» Work task
Please retype the records below exactly, omitting any images.

━━━━━━━━━━

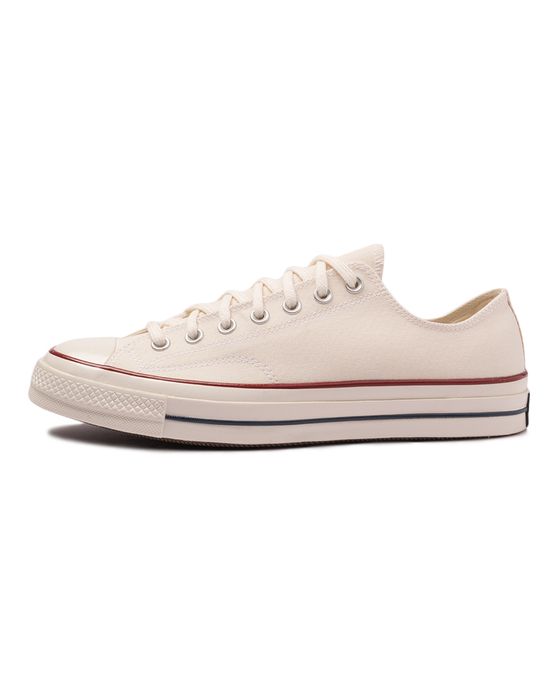 Tênis Converse Chuck 70 OX Unissex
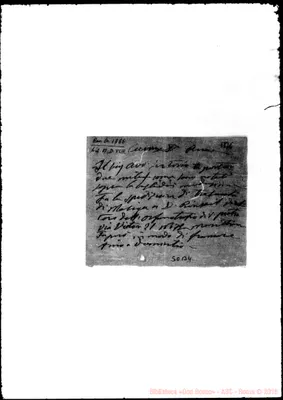 Fotogramma B 4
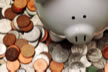 Photo - Piggy Bank
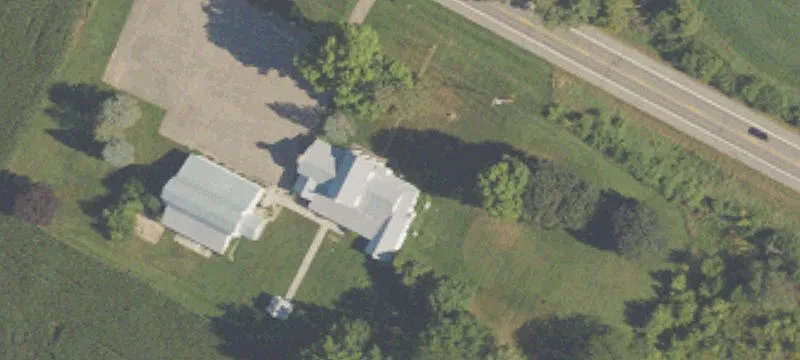 1058 Lincoln Rd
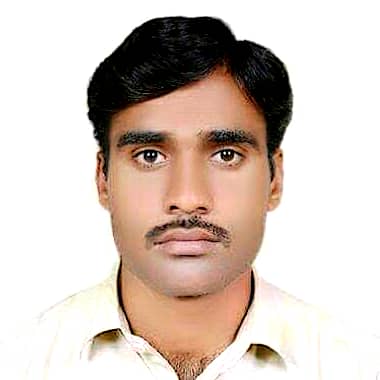 Sarfaraz Ali Profile Sarfaraz Ali Profile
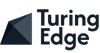 Turing Edge Logo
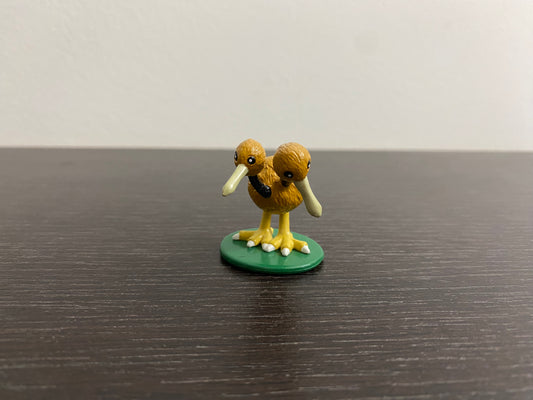 DODUO - FIGURE TOMY CGTSJ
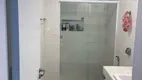 Foto 27 de Apartamento com 3 Quartos à venda, 120m² em Laranjeiras, Rio de Janeiro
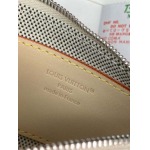 2026年1月13日新作高品質Louis Vuitton小銭入れM27141Monogram Heritage9 x 1 x 15/GQ工場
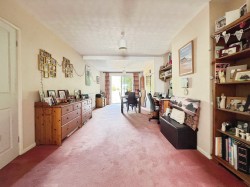 Images for East Road, Street, Somerset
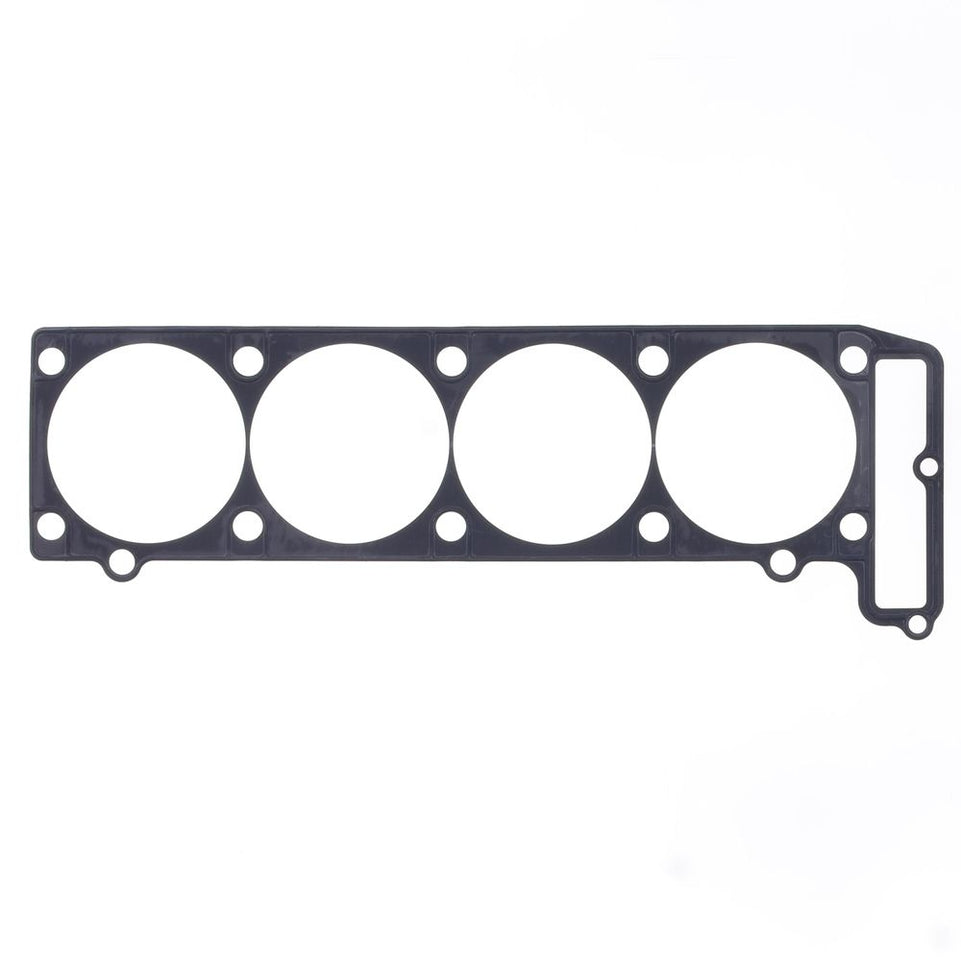 Guarnizioni Motore Moto Athena S410250006017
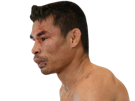 chayaphon-moonsri-wanheng-menayothin-boxe-boxeur-wbc-world-champion-lumpinee-blood-sang-warrior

━━━━━━━━━━

» Response below
 Tênis Converse Chuck 70 OX Unissex
 Fotogramma B 4
 Photo - Piggy Bank
 1058 Lincoln Rd
 Sarfaraz Ali Profile Sarfaraz Ali Profile
 Turing Edge Logo
 DODUO - FIGURE TOMY CGTSJ
 Foto 27 de Apartamento com 3 Quartos à venda, 120m² em Laranjeiras, Rio de Janeiro
 2026年1月13日新作高品質Louis Vuitton小銭入れM27141Monogram Heritage9 x 1 x 15/GQ工場
 Images for East Road, Street, Somerset
 Guarnizioni Motore Moto Athena S410250006017
 chayaphon-moonsri-wanheng-menayothin-boxe-boxeur-wbc-world-champion-lumpinee-blood-sang-warrior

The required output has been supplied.